Esta semana soleada como anuncio de la primavera o del calor del cambio climático que se nos avecina fueron propiciadores de la magia que despierta la historia alucinante de Saramago. Misterio que araña y enfría la piel y adentra en el juego de la vida-muerte, porque, para él, la raza amante del sol ni en los cubículos de los registros civiles se resigna a renunciar al astro rey.
¡Que perezcan el cerebro, el corazón, el hígado, los genitales, los brazos y las piernas! Pero los ojos se salven, por si algún día una vieja hechicera quiera desafiar al tiempo. En la lectura de montañas de expedientes de vivos y muertos, un rayo de sol estaría jugando con la muerte.

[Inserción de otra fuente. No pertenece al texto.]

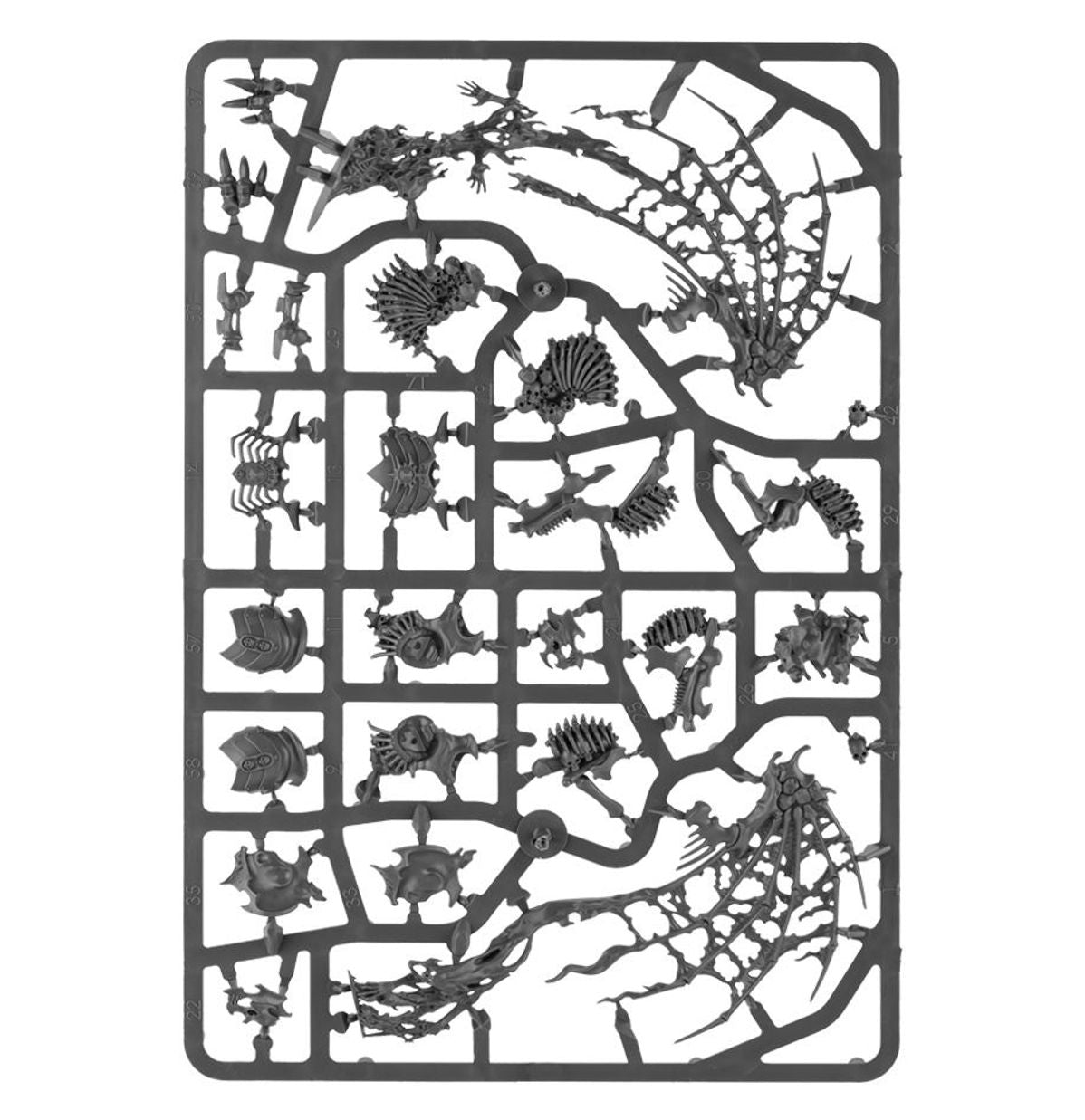 Age of Sigmar - MORGHAST ARCHAI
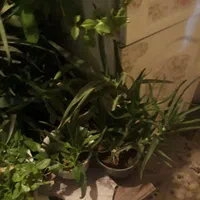 گلدان طبیعی|گل و گیاه طبیعی|گلستان (تهران), |دیوار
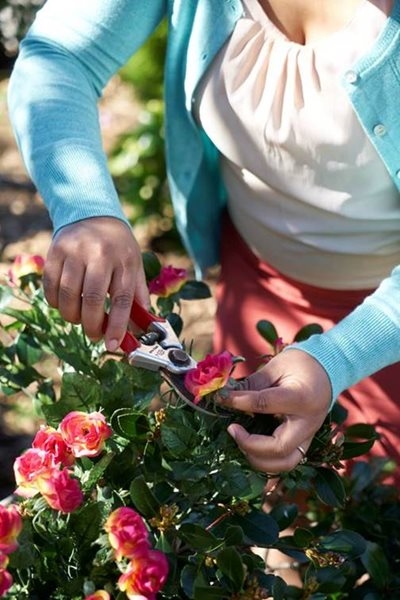 Give your garden a spring makeover 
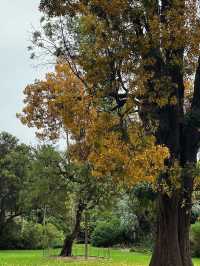 Admiring Colourful Flowers at Botanic Garden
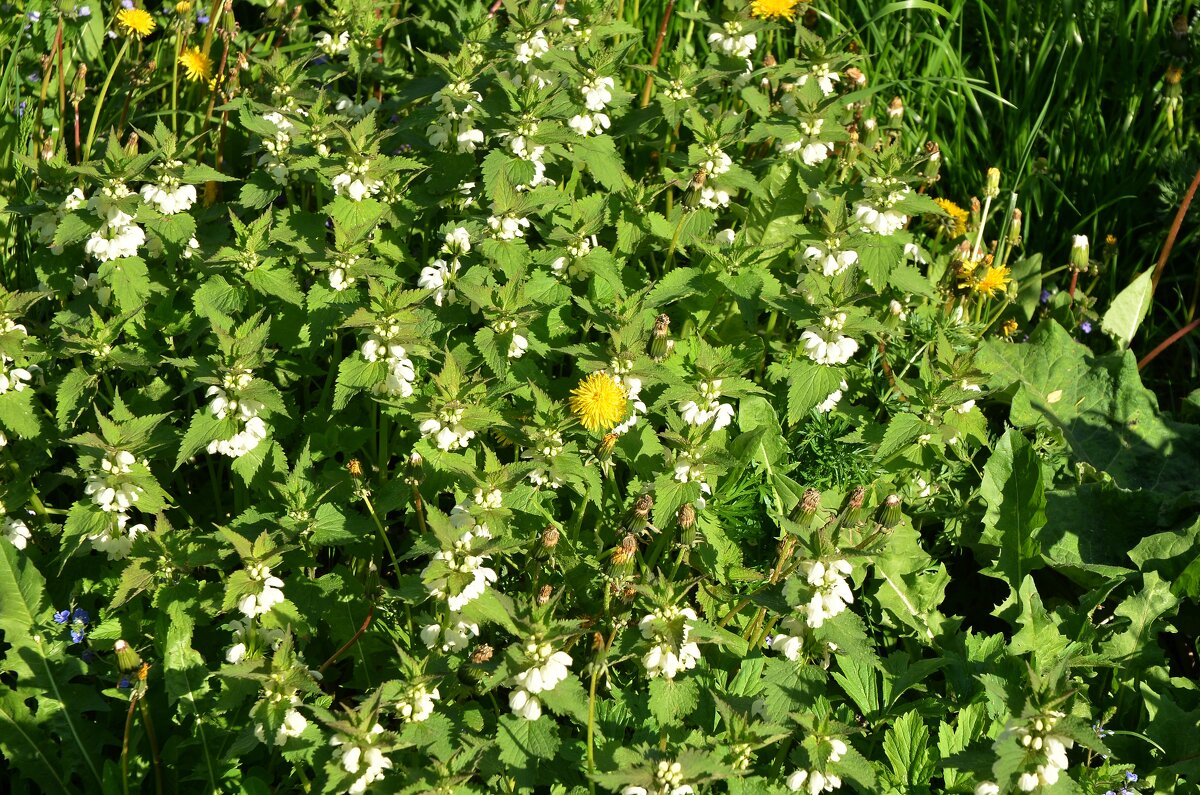 Яснотка белая - Oleg4618 Шутченко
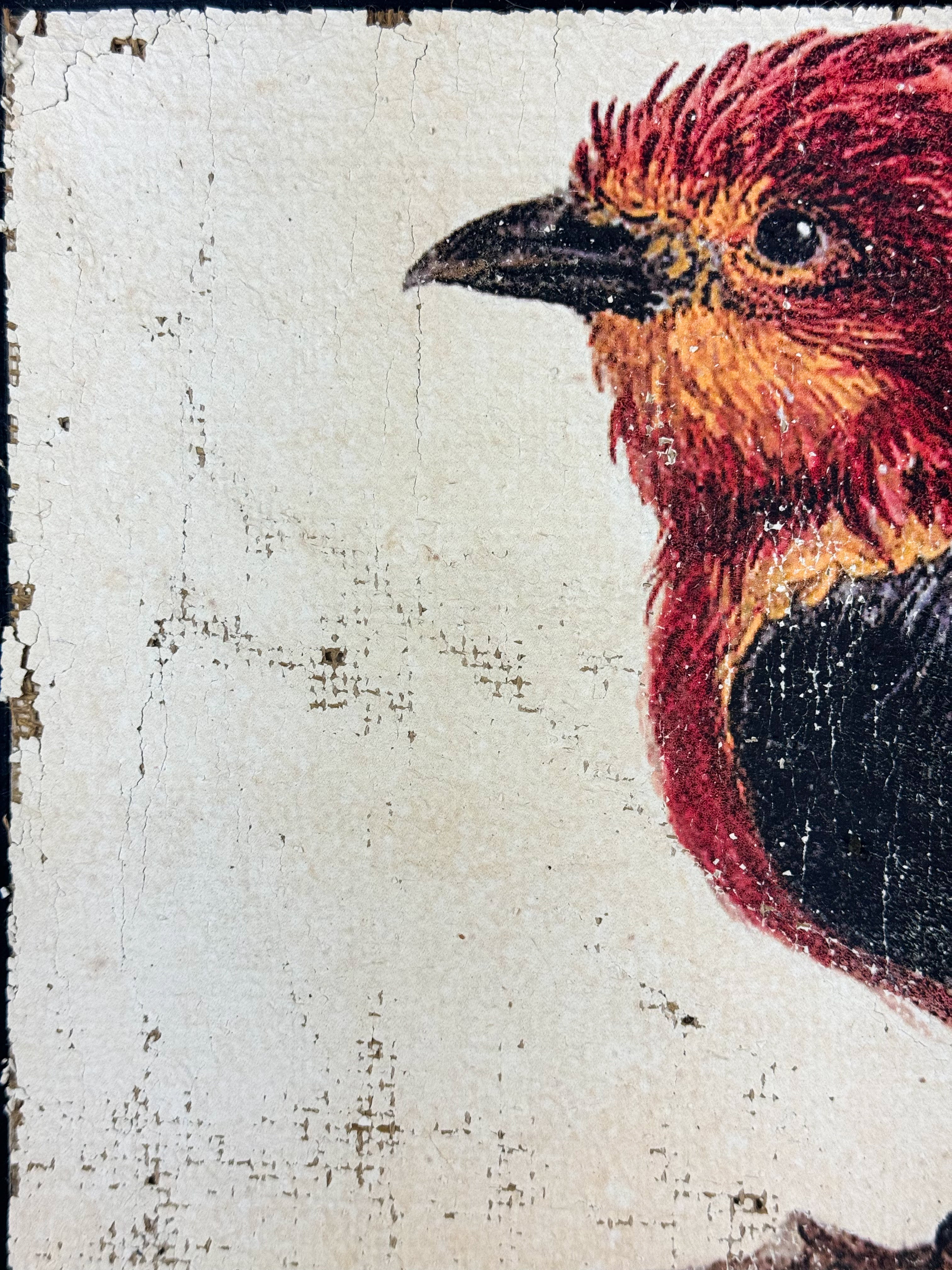 Red and Black Bird - Crimson Perch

Fantasía perdida en la noche de los tiempos, basada en la cultura de los expedientes, la burocracia que busca el sol. Un día la fiebre de la civilización destruirá los registros civiles, junto a la amplia idea del interminable naufragio de las cosas, el miedo ruin, egoísta en que nada ha de quedar. Sólo nos consuela la importancia de respetar los ojos a la hora de la muerte. Ese instinto de muerte que estudió Freud.
Pulsión de destrucción de la economía síquica en la parte maldita de ese gasto, pura pérdida o la desaparición en la biblioteca, entre montañas de libros antiguos húmedos y polvorientos.